Sunday, November 1, 2009

Creating PDFS from virtually anything w/ linux

So recently I was asked (by my wife) if I would be able to join different web pages together all into 1 file for printing and storage. I thought it would take a very long time but turned out to be quite easy. Here's a lil how to:

  • Print each page/image/document to file (i usually name it an autoincrementing filename aka  1,2,3,4,...)
    • this stores the page as a PostScript file (even works in Windows) 
  • Join all of the PS files together to form a huge PS file
    • you do this using the ps-utility     psmerge
      • psmerge -oOutputFileName file1 file2 file3
        • you can include as many files as you want in order
        • there is NO space between the -o option and the file name
  • turn the PS file into a PDF file
    • use the ps2pdf utility 
      • ps2pdf psfile.ps pdffile.pdf
 This seems pretty straight forward but can be quite tedious if you have MANY MANY files to do at once.
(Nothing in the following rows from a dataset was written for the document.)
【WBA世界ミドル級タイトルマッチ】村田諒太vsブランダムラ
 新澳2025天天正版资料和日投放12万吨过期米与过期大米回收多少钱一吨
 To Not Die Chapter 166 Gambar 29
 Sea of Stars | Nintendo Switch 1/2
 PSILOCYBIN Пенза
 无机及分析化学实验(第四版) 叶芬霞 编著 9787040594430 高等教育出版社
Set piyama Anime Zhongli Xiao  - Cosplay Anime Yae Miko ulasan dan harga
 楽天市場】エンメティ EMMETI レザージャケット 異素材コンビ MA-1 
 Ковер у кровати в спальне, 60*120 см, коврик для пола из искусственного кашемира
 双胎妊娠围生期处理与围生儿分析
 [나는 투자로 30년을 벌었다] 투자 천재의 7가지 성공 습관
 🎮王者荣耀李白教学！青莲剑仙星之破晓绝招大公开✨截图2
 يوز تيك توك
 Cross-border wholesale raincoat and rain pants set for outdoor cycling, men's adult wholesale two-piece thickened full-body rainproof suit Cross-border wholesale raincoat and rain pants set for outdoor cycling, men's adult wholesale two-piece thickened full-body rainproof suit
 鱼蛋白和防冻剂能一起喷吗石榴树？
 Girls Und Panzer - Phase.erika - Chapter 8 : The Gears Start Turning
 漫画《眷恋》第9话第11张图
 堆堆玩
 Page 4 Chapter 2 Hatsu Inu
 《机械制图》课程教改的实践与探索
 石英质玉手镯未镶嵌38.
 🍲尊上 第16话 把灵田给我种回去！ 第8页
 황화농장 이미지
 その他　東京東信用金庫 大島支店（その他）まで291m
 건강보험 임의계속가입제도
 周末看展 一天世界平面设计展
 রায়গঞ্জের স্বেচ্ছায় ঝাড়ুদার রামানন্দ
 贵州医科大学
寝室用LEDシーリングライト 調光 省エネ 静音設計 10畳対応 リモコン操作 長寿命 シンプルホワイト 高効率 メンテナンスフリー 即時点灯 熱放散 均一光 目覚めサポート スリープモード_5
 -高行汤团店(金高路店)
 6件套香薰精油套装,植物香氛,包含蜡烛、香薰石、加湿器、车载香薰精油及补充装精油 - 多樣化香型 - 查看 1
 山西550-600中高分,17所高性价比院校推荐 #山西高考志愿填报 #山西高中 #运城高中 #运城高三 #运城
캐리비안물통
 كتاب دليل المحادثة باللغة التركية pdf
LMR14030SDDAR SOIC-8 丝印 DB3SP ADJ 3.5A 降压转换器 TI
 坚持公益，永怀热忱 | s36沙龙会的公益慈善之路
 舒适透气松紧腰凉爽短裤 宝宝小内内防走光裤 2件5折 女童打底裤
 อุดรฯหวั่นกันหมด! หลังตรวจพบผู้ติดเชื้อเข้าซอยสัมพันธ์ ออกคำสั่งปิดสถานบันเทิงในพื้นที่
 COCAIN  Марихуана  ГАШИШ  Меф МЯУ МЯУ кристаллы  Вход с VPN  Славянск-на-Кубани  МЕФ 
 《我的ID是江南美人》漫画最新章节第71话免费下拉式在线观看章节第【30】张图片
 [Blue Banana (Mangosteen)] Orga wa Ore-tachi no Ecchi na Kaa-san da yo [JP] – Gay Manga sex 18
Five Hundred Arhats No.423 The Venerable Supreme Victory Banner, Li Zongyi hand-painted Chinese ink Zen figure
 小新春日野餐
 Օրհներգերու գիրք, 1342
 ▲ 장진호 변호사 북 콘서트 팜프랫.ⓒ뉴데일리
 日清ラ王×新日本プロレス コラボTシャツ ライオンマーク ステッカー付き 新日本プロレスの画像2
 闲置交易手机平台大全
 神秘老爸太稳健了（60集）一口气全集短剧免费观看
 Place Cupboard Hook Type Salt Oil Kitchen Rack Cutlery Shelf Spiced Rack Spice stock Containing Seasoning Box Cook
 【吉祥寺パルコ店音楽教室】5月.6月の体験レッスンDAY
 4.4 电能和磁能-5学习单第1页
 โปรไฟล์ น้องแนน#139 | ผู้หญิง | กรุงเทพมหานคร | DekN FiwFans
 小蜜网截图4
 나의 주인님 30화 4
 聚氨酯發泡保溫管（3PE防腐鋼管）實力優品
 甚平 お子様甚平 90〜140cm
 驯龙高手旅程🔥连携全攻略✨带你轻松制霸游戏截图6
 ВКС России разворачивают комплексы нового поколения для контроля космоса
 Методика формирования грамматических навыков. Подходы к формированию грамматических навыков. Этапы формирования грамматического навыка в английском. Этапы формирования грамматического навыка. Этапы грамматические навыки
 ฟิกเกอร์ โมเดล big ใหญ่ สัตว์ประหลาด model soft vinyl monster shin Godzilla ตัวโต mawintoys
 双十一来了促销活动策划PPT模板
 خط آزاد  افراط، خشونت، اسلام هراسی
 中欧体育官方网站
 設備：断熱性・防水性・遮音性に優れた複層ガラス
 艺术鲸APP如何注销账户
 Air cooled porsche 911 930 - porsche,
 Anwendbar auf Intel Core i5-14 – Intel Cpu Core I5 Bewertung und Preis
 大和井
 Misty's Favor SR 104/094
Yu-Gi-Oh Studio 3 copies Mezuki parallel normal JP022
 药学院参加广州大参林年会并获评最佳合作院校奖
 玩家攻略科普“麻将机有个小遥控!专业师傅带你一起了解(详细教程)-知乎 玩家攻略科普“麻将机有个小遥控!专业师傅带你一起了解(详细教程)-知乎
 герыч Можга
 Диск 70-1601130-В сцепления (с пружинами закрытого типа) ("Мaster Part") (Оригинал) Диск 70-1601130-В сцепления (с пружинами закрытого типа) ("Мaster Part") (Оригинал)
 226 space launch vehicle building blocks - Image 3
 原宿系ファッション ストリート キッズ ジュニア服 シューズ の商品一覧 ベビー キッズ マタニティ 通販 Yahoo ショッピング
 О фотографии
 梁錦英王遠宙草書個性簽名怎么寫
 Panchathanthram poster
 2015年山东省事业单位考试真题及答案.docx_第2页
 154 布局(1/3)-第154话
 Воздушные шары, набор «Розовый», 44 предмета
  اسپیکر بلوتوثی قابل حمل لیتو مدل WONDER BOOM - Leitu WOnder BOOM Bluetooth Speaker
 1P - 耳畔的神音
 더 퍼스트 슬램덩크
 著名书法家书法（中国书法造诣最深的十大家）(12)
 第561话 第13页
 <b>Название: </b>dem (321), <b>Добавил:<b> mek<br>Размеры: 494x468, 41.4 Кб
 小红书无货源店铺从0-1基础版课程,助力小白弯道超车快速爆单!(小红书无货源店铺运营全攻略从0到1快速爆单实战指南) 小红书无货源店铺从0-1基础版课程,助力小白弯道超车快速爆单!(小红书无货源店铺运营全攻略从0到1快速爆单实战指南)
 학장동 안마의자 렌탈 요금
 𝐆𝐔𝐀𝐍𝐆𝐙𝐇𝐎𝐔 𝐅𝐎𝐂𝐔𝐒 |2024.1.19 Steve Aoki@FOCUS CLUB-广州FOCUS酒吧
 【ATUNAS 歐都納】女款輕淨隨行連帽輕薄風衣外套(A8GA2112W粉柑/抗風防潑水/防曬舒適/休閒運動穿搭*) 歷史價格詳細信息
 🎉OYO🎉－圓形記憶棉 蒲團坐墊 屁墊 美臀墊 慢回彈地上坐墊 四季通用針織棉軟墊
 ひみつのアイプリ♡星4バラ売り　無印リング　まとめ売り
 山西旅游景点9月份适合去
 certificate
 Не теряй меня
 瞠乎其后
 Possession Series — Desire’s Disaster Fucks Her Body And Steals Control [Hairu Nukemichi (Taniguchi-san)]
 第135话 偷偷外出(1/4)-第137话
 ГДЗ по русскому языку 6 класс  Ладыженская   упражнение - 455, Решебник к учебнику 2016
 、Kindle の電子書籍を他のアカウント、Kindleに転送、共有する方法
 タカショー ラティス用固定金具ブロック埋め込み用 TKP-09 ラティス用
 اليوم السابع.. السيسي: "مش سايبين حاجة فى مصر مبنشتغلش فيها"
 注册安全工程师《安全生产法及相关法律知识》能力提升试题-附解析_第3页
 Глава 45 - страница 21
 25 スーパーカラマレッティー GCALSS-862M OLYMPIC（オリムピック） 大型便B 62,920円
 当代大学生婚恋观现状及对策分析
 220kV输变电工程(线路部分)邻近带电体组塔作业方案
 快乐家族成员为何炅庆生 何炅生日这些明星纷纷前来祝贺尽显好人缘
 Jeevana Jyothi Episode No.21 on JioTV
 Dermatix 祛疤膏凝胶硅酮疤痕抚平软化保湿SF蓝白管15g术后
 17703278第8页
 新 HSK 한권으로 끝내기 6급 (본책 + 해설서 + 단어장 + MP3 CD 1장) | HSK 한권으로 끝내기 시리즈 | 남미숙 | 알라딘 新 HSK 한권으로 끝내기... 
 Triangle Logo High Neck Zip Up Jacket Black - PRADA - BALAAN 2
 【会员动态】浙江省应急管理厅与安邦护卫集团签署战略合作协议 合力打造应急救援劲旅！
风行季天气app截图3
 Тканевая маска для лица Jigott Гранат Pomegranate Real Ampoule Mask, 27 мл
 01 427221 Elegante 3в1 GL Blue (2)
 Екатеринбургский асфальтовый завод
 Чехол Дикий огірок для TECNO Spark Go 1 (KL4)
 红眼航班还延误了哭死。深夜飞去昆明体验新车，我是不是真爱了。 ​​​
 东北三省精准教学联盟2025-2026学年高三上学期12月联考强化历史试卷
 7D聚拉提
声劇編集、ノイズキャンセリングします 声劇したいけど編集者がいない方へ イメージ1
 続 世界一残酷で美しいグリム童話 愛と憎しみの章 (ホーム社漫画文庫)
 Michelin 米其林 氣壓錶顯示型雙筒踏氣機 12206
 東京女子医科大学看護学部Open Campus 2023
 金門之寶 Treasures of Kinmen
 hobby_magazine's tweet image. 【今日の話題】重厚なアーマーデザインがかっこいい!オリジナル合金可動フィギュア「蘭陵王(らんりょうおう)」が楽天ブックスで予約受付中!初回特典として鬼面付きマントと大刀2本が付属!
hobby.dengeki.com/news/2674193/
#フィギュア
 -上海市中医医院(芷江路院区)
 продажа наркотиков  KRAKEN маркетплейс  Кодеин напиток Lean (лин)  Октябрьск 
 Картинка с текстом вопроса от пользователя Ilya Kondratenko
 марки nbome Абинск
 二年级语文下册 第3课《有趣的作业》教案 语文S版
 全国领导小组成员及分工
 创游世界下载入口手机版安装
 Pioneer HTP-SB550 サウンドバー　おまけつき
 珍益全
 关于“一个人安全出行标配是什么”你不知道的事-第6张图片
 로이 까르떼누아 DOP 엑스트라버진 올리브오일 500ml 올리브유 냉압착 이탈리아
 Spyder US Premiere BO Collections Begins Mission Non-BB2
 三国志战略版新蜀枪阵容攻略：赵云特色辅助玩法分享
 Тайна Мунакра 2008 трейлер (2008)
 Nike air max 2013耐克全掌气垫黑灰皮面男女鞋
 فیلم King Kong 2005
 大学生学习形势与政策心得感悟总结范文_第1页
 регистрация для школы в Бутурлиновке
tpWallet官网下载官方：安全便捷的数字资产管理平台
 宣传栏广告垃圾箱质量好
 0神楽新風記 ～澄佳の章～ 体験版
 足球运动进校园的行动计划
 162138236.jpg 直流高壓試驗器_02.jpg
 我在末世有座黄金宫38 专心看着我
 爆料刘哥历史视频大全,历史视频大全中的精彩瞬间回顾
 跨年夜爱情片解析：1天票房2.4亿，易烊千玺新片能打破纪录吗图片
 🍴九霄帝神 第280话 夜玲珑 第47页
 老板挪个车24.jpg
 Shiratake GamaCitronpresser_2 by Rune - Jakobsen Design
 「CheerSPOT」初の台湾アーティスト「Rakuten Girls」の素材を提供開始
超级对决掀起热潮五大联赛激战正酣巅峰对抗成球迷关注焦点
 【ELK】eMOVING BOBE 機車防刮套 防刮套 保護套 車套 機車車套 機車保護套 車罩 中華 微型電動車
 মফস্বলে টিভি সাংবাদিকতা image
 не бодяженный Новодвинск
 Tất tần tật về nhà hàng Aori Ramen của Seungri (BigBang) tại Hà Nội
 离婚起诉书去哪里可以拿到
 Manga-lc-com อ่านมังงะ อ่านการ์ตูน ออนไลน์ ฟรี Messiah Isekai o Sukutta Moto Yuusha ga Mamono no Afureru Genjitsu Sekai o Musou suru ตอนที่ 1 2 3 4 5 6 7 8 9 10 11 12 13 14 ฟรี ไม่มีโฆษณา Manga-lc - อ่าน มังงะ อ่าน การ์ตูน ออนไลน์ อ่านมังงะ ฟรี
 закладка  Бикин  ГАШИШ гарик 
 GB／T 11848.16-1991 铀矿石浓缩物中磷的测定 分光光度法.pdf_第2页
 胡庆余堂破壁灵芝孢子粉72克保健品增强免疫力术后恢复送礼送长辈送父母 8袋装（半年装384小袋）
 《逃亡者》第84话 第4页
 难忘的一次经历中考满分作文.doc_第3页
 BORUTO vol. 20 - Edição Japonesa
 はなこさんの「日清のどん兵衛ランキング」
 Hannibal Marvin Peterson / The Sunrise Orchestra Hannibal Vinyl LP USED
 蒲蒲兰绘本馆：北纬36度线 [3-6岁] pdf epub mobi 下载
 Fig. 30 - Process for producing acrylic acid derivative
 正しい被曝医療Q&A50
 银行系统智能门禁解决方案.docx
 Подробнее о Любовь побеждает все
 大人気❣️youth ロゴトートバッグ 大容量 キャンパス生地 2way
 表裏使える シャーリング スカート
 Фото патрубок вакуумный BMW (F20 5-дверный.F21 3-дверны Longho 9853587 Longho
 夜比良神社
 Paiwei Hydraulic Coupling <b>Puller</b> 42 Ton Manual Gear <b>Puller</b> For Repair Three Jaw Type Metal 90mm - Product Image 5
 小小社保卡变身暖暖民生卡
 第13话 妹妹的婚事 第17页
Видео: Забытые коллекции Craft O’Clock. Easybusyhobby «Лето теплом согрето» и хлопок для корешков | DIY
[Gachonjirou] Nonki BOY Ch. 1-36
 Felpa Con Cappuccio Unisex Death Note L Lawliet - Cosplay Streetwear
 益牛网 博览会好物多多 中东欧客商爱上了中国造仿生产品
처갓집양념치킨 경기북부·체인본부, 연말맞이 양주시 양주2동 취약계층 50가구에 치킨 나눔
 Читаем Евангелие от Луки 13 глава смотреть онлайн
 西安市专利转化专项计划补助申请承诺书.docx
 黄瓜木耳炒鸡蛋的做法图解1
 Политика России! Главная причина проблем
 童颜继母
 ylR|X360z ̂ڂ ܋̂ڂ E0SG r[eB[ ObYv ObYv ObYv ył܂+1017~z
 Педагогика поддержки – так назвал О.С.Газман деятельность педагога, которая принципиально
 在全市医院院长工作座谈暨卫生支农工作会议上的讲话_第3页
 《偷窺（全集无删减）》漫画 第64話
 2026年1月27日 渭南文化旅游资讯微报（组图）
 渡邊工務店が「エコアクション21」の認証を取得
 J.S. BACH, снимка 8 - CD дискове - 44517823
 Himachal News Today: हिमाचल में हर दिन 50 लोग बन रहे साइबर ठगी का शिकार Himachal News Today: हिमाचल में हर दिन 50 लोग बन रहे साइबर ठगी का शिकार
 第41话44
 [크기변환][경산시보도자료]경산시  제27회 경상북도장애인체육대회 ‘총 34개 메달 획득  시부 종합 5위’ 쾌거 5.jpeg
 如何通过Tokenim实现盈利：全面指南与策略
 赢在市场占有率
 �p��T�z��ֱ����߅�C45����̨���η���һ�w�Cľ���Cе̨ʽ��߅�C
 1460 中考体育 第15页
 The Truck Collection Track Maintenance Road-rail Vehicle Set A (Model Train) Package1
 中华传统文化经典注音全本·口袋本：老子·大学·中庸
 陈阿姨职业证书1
Below is a python code that will make this process easier. It renames files (so they can be sorted properly) and generates the command (quite large at times) to perform the operation

 #!/usr/bin/python
import os
path='/home/paul/printer/dadsWorksheets/multiSpaceShip/psFiles/renamed/'
files = os.listdir(path)
files.sort()
##rename = True
rename = False
if rename:
    for i in files:
        name = i
        if len(name) < 3:
            name = '00%s' % name
        if len(name) > 3:
            name = name[1:]
        print name
        command = 'cp %s/%s %s/renamed/%s' % (path,i,path,name)
        os.system(command)
#print files
merge = True
##merge = False
if merge:
        com = 'psmerge -oCombined'
        #print com
        for i in files:
            com = ' %s %s' % (com,i)
        print com
        os.chdir(path)
        os.system(com)

 its simple and quite crude but it gets the job done quite nicely!!
give it a shot and you'll be storing stuff as PDFs in no time!